Pender hasn’t reduced its fund size or extended its timeline, despite setting those targets before the market downturn. With “good returns of fund one, it’s looking pretty good,” she said in May. She declined to disclose fund one’s returns but said they are “in the top quartile” for last year’s benchmarks for early-stage, North American venture capital. “But we’re obviously also cognizant of the volatility in the world today in the public markets, which of course will trickle down to the private markets. And, hopefully not so much fundraising, but it could impact that as well.”
Pacella wasn’t surprised by the downturn, noting there are ups and downs to a cyclical market and that the industry was “getting quite heated” in terms of valuations and the number of transactions. A healthier return to fundamentals could benefit Pender Ventures, she reasoned, which has always tried to conduct investments that way.
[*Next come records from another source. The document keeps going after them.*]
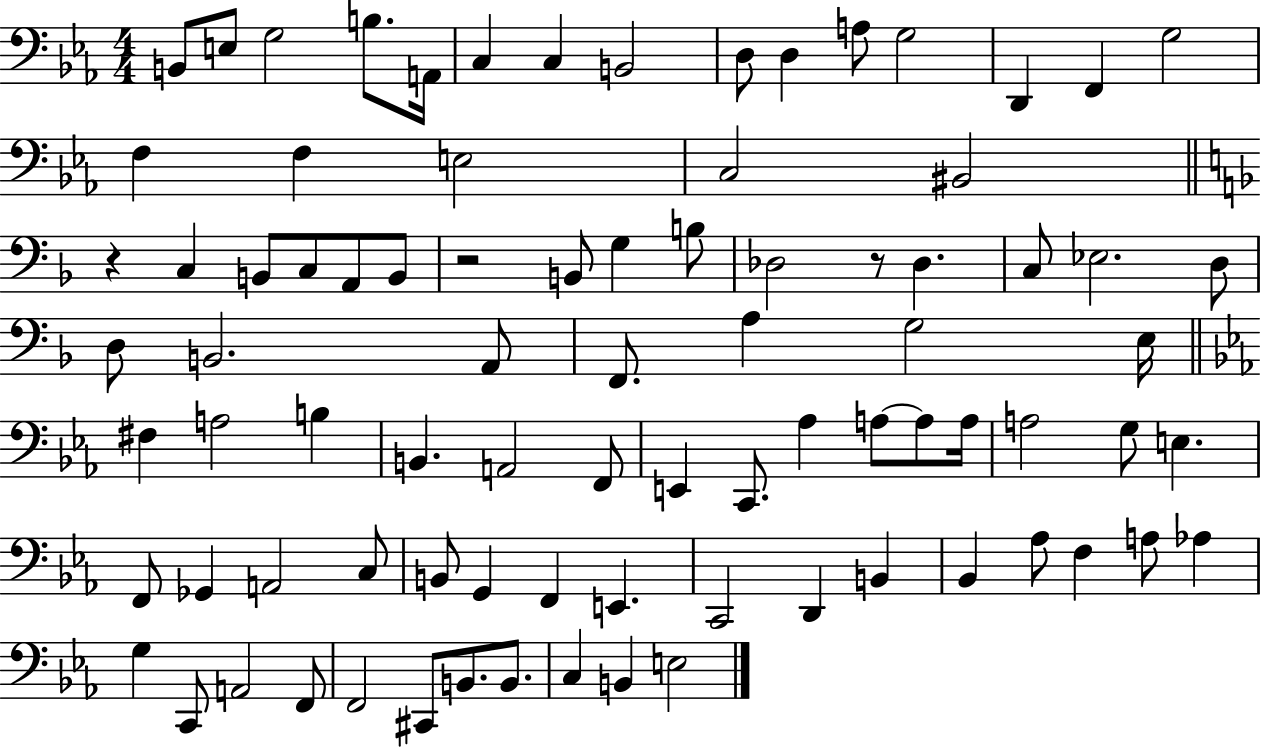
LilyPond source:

{
  \clef bass
  \numericTimeSignature
  \time 4/4
  \key ees \major
  b,8 e8 g2 b8. a,16 | c4 c4 b,2 | d8 d4 a8 g2 | d,4 f,4 g2 | \break f4 f4 e2 | c2 bis,2 | \bar "||" \break \key f \major r4 c4 b,8 c8 a,8 b,8 | r2 b,8 g4 b8 | des2 r8 des4. | c8 ees2. d8 | \break d8 b,2. a,8 | f,8. a4 g2 e16 | \bar "||" \break \key c \minor fis4 a2 b4 | b,4. a,2 f,8 | e,4 c,8. aes4 a8~~ a8 a16 | a2 g8 e4. | \break f,8 ges,4 a,2 c8 | b,8 g,4 f,4 e,4. | c,2 d,4 b,4 | bes,4 aes8 f4 a8 aes4 | \break g4 c,8 a,2 f,8 | f,2 cis,8 b,8. b,8. | c4 b,4 e2 | \bar "|."
}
Souweine agreed that the timing to raise isn’t ideal, but argued the stages in which Pender invests are insulated from the worst effects of the bear market. “For sure, it’s not the perfect time,” he said. “On the other hand, early-stage venture capital is a little bit less cyclical than the rest of it. You’re basically asking people to take a 10-to-12-year journey with you on disruptive tech for the future. It’s not as hard a sell as, ‘I have a late stage company that I’m trying to take public next year.’ Then they’re really impacted by the market conditions.”
Pacella was ready for investors to be more cautious during this raise. “I think we need to be prepared for that,” she said. She knew she might have to take more time to explain the team’s plans for the fund, show more data on how great tech firms were built after the tech bubble and financial crisis, and be more patient. “That’s all we can do.”
While it may be harder to raise at the moment, Pacella saw a silver lining: “It should be [a] good time to actually be deploying that capital.” If the economy enters a recession, much of the tech industry’s dry powder will be burned through and less funds will be raised, she said, but there will still be great companies to invest in although valuations would likely be lower. “With that, we have access to better deal flow and then better deals, better potential investments and therefore better returns.”
Pender is expecting to close the first half of its fund—targeting $50 million—in the fall. Pacella said in May the fund’s final close would be early next year.